=== Begin Enclosure ===
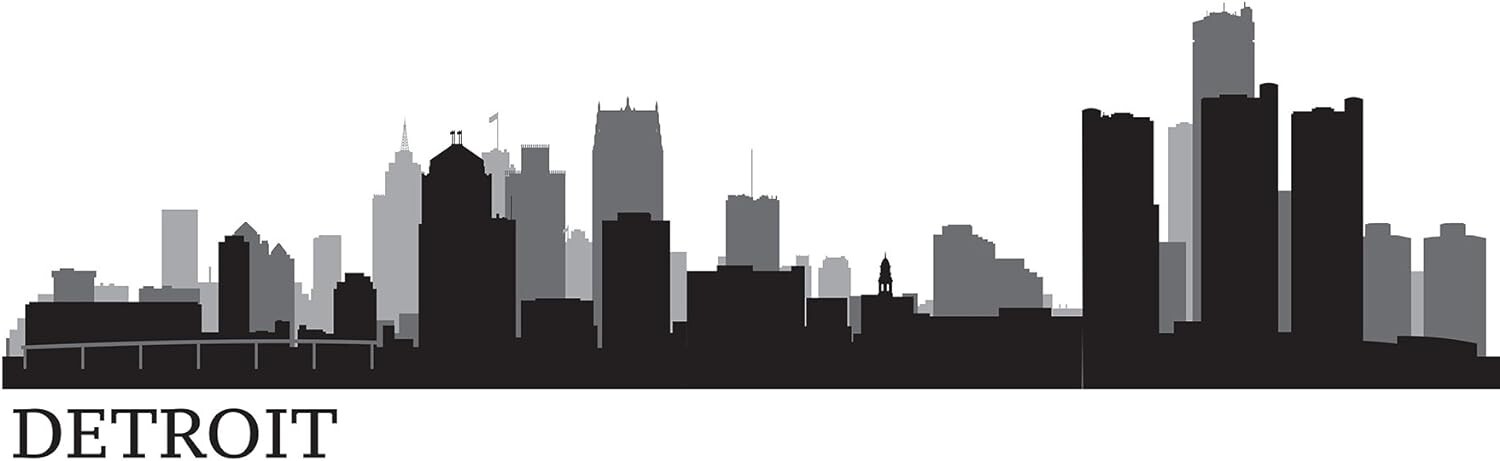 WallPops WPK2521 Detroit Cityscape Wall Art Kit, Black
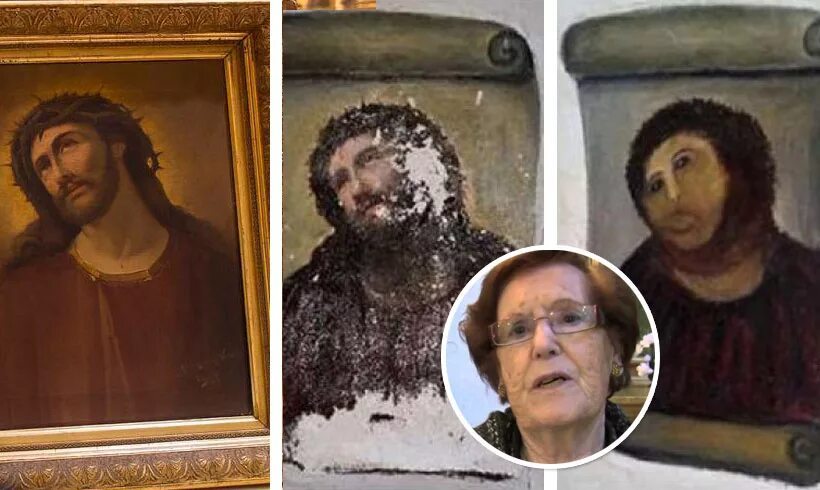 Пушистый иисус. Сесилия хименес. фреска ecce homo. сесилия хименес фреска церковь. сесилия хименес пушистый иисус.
=== End Enclosure ===
=== Begin Enclosure ===
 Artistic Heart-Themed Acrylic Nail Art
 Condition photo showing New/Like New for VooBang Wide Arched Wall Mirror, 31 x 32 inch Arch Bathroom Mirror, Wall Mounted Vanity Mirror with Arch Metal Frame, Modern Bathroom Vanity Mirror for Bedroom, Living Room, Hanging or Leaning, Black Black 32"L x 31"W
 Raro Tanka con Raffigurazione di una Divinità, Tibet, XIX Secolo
=== End Enclosure ===
# WHAT TO WORK ON
Nothing outside the stretch above, from the line with "WallPops WPK2521 Detroit" through the line with "Пушистый иисус. Сесилия", is set down. Transcribe that stretch exactly, ends included, but not its pictures.

# EXERCISE RESPONSE
 WallPops WPK2521 Detroit Cityscape Wall Art Kit, Black
 Пушистый иисус. Сесилия хименес. фреска ecce homo. сесилия хименес фреска церковь. сесилия хименес пушистый иисус.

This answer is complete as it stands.